The American health care system is already “the most expensive in the world per capita by far, and all of those dollars come out of somebody’s pocket,” he said.

He added, “But also, overall reducing the cost of health care, the amount of money that we pay collectively to provide health care in this country, would drop, and that is a big deal and something that we have to really pay attention to and be thinking about.”

Professor Allen Goodman, who specializes in health economics at Wayne State University, emphasized the large scope of the health care market across the country.

“The U.S. health care industry over the last 15 or 20 years has been somewhere about 18% of the entire economy,” he said. “So between one dollar in five and one dollar in six is spent on health care.”

MSU’s Goddeeris agreed with Goodman’s figure and singled out the cost of insurance-related administration.

“Just the administrative cost is maybe 3-4% of GDP. That’s a lot,” he said. “I wouldn’t say that that’s all wasted, but it is a lot higher than what you see in countries that have a single-payer type system.”

Goddeeris’s estimate of 3-4% of U.S. GDP means that the administration of health care in the country costs between $643 billion and $857 billion annually.

He said the complicated system of private insurance providers and exclusive networks disorganizes the process.

“A lot of that cost is a result of the fact that we have so many different payers,” Goddeeris said.

Experts acknowledged the most common criticisms of single-payer systems, most often centering around the wait time for care, the quality of care and the cost of a nationalized medical system.

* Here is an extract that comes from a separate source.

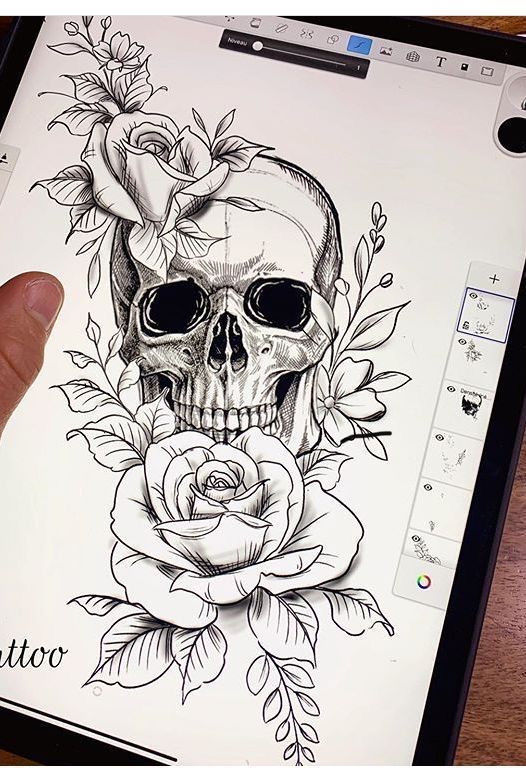 Image Result For Beautiful Skull Tattoos For Women All Kinds Of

Goodman acknowledged that the first concern is likely valid. “You have issues in places like Canada, where for some elective surgeries you do have longer lines, and you may have to wait more for some kind of elective surgeries.”

Goddeeris agreed that such criticism may become a reality if the U.S. initiated a single-payer system.

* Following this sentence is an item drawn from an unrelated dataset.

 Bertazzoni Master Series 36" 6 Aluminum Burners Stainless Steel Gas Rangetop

“If you give everybody free access to health care, then you’re probably going to run into a situation where the number of people that want to get care is higher than it is now and maybe more than the system can handle,” he said.

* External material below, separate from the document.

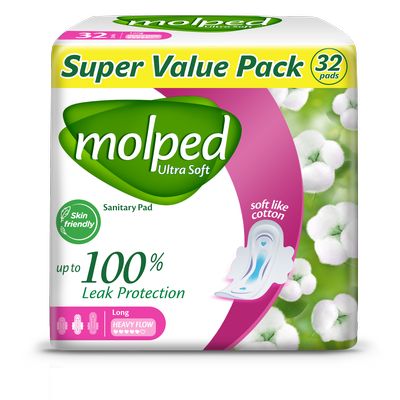 Molped Ultra Soft Sanitary Pad Long x32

“Then the question is, how does it get determined who gets care?” Goddeeris said. “Everybody can’t get all the care, probably, that they might like to get, so then you may start to run into things like longer waiting times for services.”

However, Wayne State’s Goodman said, “There’s no evidence internationally that (a) single-payer (system) is going to lead to a decreased quality of care.”

As for objections based on the cost and quality of care, El-Sayed said, “We (already) ration health care in this country. We just decide that we ration it by income rather than by need.

“So, if you are low income in this country, you’re just not getting any health insurance at all.”